Fourteen graduate students recently completed the UT School of Architecture’s first ever Transportation Quest, a day-long field trip that brought students into direct conversation with transportation leaders in many of the organizations central to keeping people and goods moving in Austin and the Texas Triangle megaregion.
The tour was part of Urban Transportation Planning and Policy, a graduate course designed by Community & Regional Planning Assistant Professor Gian-Claudia Sciara intended to prepare students from across disciplines to become fluent with the fundamental transportation planning and policy challenges in today’s complex metro regions. Funding for field trip was provided through an educational enhancement grant from UTSOA’s center for Cooperative Mobility and Competitive Megaregions, which aims to advance research, education, and technology transfer initiatives to improve the mobility of people and goods in urban and rural communities of megaregions.

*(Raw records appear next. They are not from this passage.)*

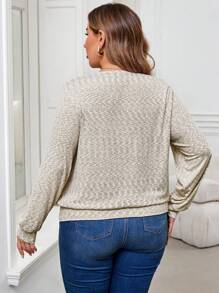 SHEIN Clasi Áo nỉ dệt kim co giãn dài tay cổ chữ V cỡ lớn cho nữ, mùa thu/đông - Màu Khaki - Xem 2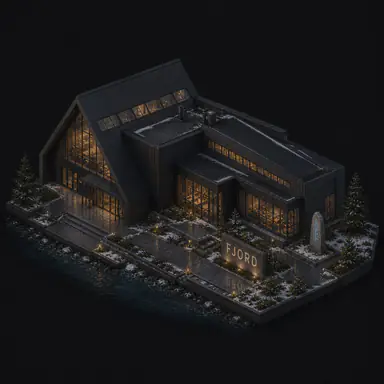Isometric pixel-art headquarters of Fjord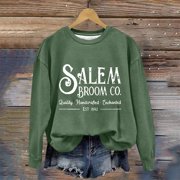 Dowegor Women's Co Quality Est 1692 Printed Round Neck Long Sleeve Sweatshirt Women Sweatshirt Long Sleeve Pullover for Women Womens Hoodies Pullover Ag L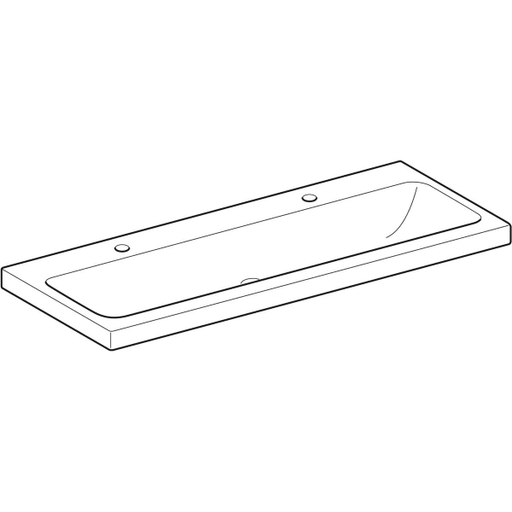 Geberit Vertriebs - iCon Light Waschtisch 120x48cm zwei Hahnlöcher, o. Ül., weiß, KeraTect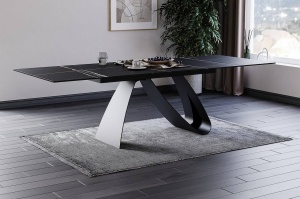 MASA EXTENSIBILA DIUNA SAHARA, 160/240 CM, EFECT DE MARMURA NEAGRA/NEGRU, DIN CERAMICA, STICLA SI METAL, STIL MODERN - Img 3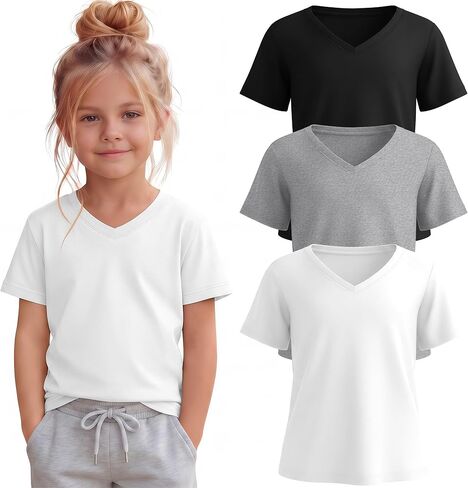 3 Pack Toddler Girls' V Neck T-Shirts 18M-5T Short Sleeve Baby Loose Tops Kids Basic Soft Clothes Tees in Saudi Arabia
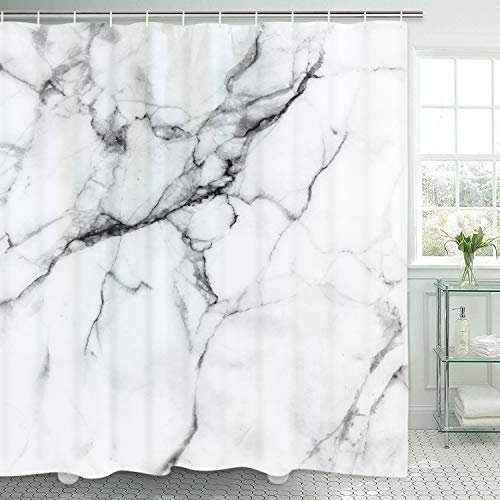 Alishomtll Duschvorhang Textil mit Ringen - Marmor Wasserdicht Waschbar Badewanne Shower Curtains Anti Schimmel Digitaldruck Polyester, 180x200cm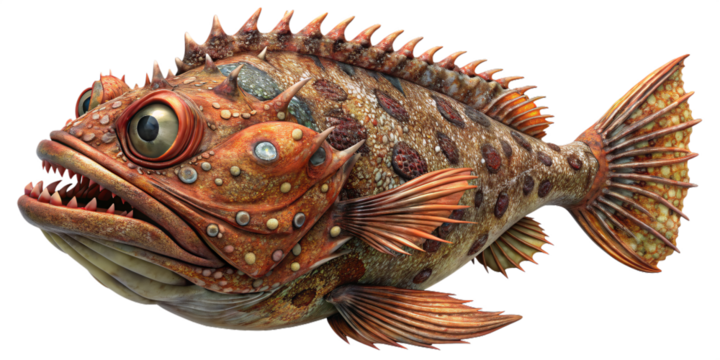 A dangerous stonefish with aggressive posture and spines

A dangerous stonefish with aggressive posture and spines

For these eager observers of urban transport, the day started at 7:00AM at Littlefield Fountain. Travelling by charter bus, the group’s first stop was the joint offices of the Capital Area Metropolitan Planning Organization (CAMPO), responsible for regional transportation plans and investments across six counties, and the Central Texas Regional Mobility Authority (CTRMA), the public agency responsible for a system of toll roads across Williamson and Travis counties, including the MoPac Express Lane. The group talked with the agencies’ executives, engineers, financial officers, and external affairs liaisons about the tough political and funding choices they face in addressing transportation needs in the diverse region comprised of Bastrop, Burnet, Caldwell, Hays, Travis, and Williamson Counties. According to graduate student Madison Andrews, the discussion expanded her view of transportation problems beyond Central Austin, causing her “to examine how the needs of people only one county away can be vastly different.”
By mid-morning the group was on the road to Austin Bergstrom International Airport (AUS), using CTRMA’s 183 South facility and accompanied by CTRMA Director of Engineering Justin Word. Along the way, Word pointed out key design features and challenges of the toll road project and spoke candidly about the difficulty of anticipating future travel needs given rapidly evolving technologies and preferences.
At AUS, Planning and Development Supervisor Jennifer Williams showed the group how one of the fastest growing U.S. airports is responding to unprecedented passenger volumes. Students toured the cutting-edge terminal expansion, which features ultra-accessible restrooms, an outdoor terrace, and extensive public art. They also donned hard hats and cleared security for a behind-the-scenes look at the labyrinthine baggage screening operation – a “once in a lifetime experience,” according to Community and Regional Planning student Sim Serhan.
Next, the class headed to Amazon’s 855,000 square-foot SAT2 Fulfillment Center in San Marcos, ground zero for understanding how ecommerce, precision robotics, and just-in-time logistics are generating an entirely new of set of transportation demands in the region. Students talked with tour leader Trinidad Cisneros about the firm’s efforts to address carbon impacts, from in- and outbound freight truck operations, to last-mile neighborhood delivery, to energy for powering its fulfillment, sorting, and distribution centers.
Before heading back to the 40 Acres, the group made a final stop at the SH 130 Concession Company, the private firm that operates the publicly-owned toll road called “the fastest route from Austin to San Antonio.” Students learned how public-private partnerships contribute to infrastructure provision and how sound traffic and revenue forecasts can make or break their success.
Architecture student Kevin Choi called Transportation Quest “a tremendous eye-opener…into how macro-scale and regional transportation planning works and into the myriad challenges…that make it extremely difficult to achieve intended mobility goals.” Even so, after a full day, the eyes of more than a few students were shut as the sun dimmed and the bus rolled into the curb at Littlefield Fountain.